═════ Collected data ═════

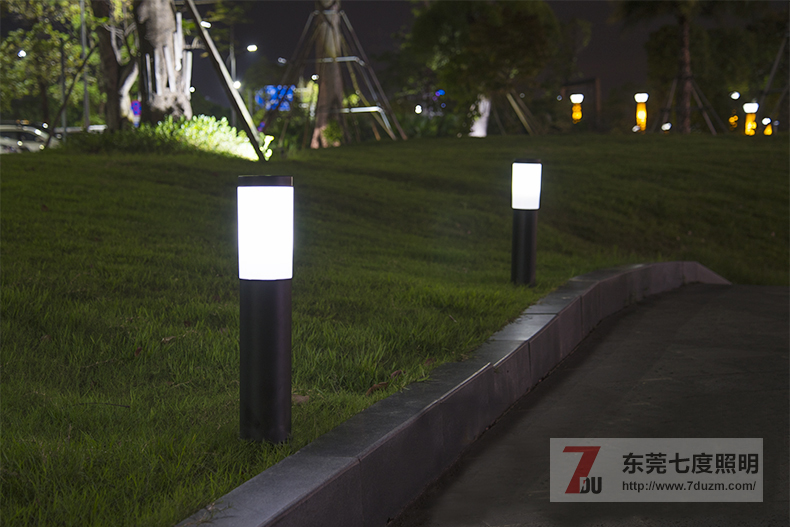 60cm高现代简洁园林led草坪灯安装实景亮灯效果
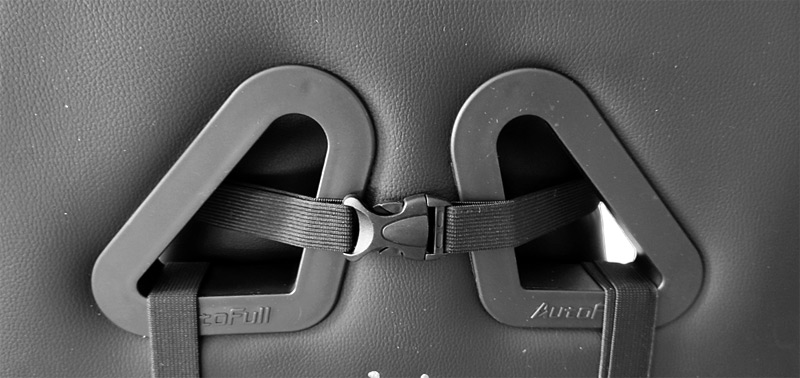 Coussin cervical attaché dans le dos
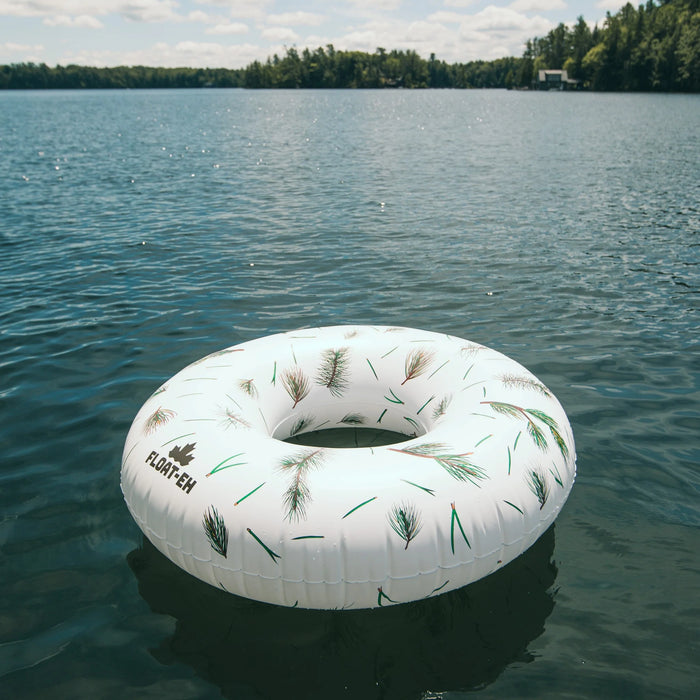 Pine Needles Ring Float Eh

═════

• Requirement
Restate the data above verbatim, skipping every image.

• Result below
 60cm高现代简洁园林led草坪灯安装实景亮灯效果
 Coussin cervical attaché dans le dos
 Pine Needles Ring Float Eh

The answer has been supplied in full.